The strategic direction for the economy has left it acutely vulnerable to the collapse of the commodities markets.

The current level of “growth” means that the number of unemployed people will continue to grow. We can only imagine what the economy would have looked like if the commodities super-profits of the 2000s before the crash had been invested in production. But instead, they were dished out to shareholders.

All along, the SACP has supported the ANC government in implementing the strategy that has brought us to the point where the economic and social crisis has now matured into a deep political crisis involving the President of the country – a President the SACP sold to us as an anti- neoliberal alternative to Mbeki. They have supported the National Development Plan that wants to make the situation worse for workers by taking away protection, just as the “socialist” government of France is now doing in France.

So, in the face of this immense social and economic crisis, what does the SACP have to say?

It tells us, in the press statement issued after its June Central Committee, that the enemy is the “parasitic bourgeoisie”. This parasitic bourgeoisie is not the same as the “compradorial… first generation bee stratum”. The difference seems to be that the comprador bourgeoisie is engaged in production, whereas the parasitic bourgeoisie is only engaged in looting and is principally represented by the Guptas.

The Guptas, then, are simply thieves.
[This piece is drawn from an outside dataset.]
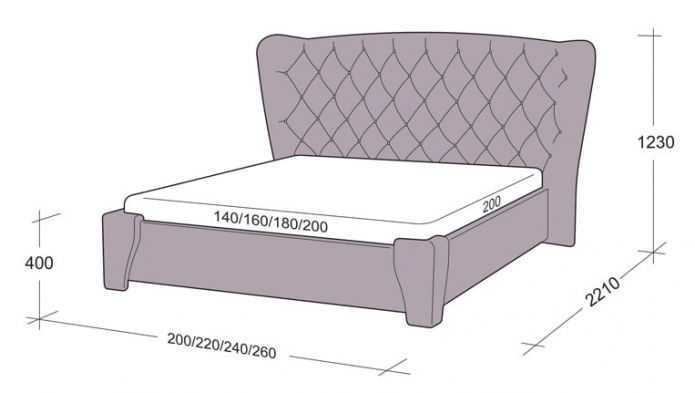 Размеры кроватей: односпальной, полуторной, двуспальной | онлайн-журнал о ремонте и дизайне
They engage in no productive activity. They just loot. Now that we have established what distinguishes them from Cyril Ramaphosa, for example, we can march against them. They are the first enemy. We must clear them out of the way so that we can then take on the real enemy: “Unless we deal decisively with the parasitic bourgeoisie, our ability as a democratic state and popular movement to confront our principal strategic opponents (monopoly capital) will be eroded.”
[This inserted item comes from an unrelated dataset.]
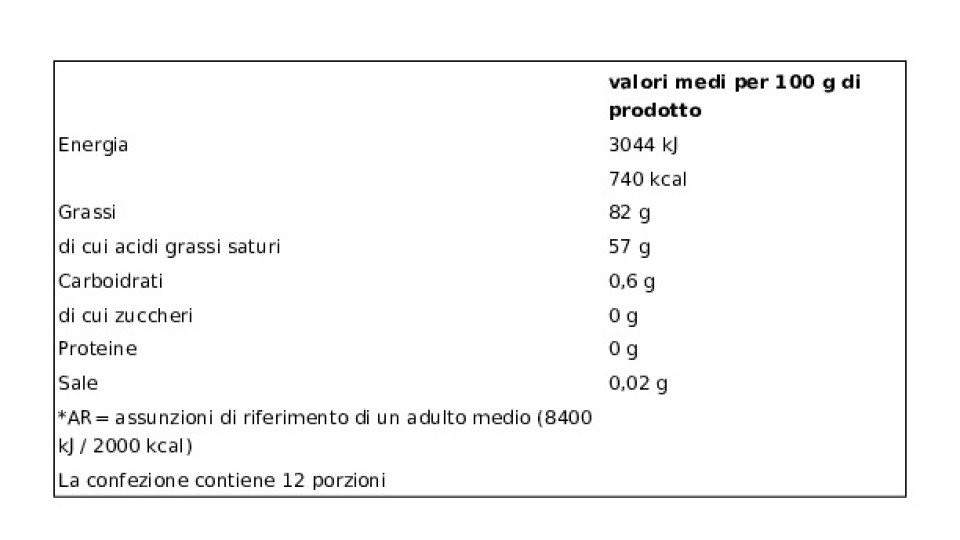 Burro 12 porzioni singole U! Confronta & Risparmia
We will cheerfully ignore the edifice of corrupt appointments in the state’s investigative and prosecuting services, all of which the SACP has championed. We will ignore the facilitation (and facilitators) of corruption. We will ignore, at least for the moment, global capital and its bee parasites. We will just march against the looters.
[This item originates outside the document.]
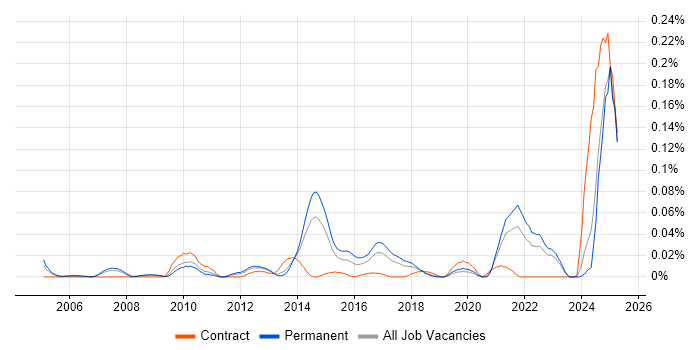 Job vacancy trend for Monte Carlo Method in the North of England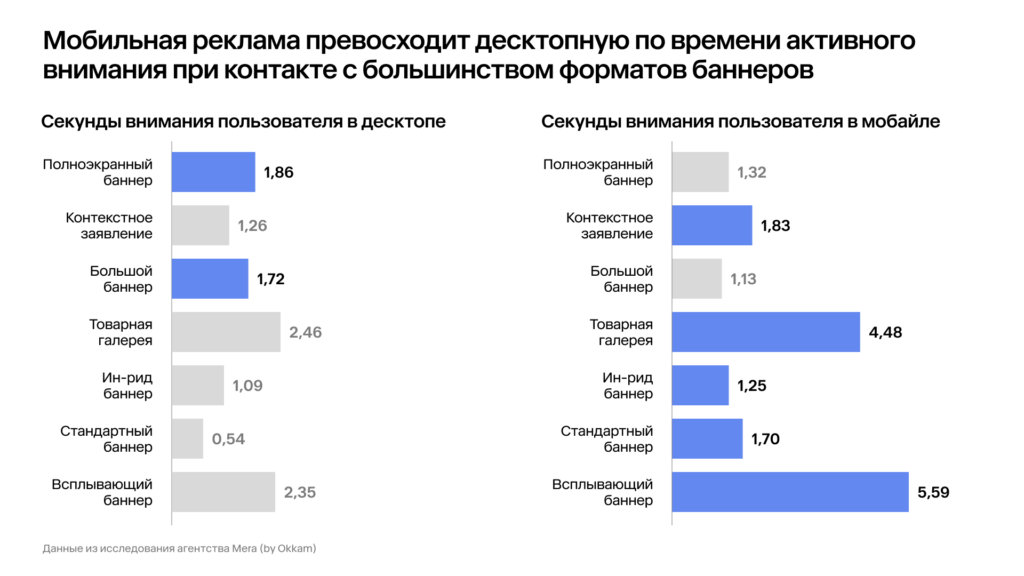 Где рекламу смотрят дольше — на десктопе или в мобайле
The problem for the SACP and Cosatu is that they are trapped. Trapped by their politics and trapped by the nature of their membership. It is not only the leadership of the SACP which has buried itself in the state. It is the membership too. Public sector workers, with secure jobs. They are not the unemployed. They are not the precarious workers. So the issues of precarious workers are not their issues.

That leaves a huge space to the left, which the EFF is running to fill. And it deepens the political crisis for the SACP. Its dependence on the ANC becomes even clearer. It cannot sever its parasitic link with the ANC without losing its membership. So in the end it is limited to cheering on Pravin Gordhan in his battle against the Guptas and their friends, leaving the real issues to others.